The rush slowed considerably by the 1950s, and by the 1960s, the crude oil river of riches had slowed to a trickle.
But the story doesn't end there.
In the 1970s, a world ever thirsty for oil spurred a rise in crude oil prices, which in turn spurred new drilling in the area, leading to a series of small, but profitable, discoveries in Lincoln County, bringing new wealth to a group of local men who owned the rights.
(One man, who went from rags to riches overnight, sold his tiny clapboard home, built a beautiful mansion, replete with flickering gas lanterns adorning the entry, and purchased seven shiny new cars, one for each day of the week.)
A Boomlet Redux
Today, with crude oil prices ever on the rise, big oil companies -- with plans on fracking* for oil and gas -- have snapped up every available rent house and booked up any number of hotel rooms into the near future to return operations to an area that once produced more than 135 million barrels of oil from 416 wells.

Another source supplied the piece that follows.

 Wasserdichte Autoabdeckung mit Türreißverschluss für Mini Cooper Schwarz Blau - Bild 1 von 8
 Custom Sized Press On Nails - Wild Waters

And that chapter has only just begun.
*Simply put: a different but more complex way of extracting trapped oil and gas from the earth below. I learned some time back that the method is not "new," as some folks believe -- it was first used in 1947 in Texas. See the turquoise link for more on the history and how it works.
Humble's Randall #1, undated.White writing across the bottom of the photograph identifies this derrick as "Humble's Randall #1, Doris Ballew Dr. Co." "Art Studio, Brookhaven, Miss." in lower right corner.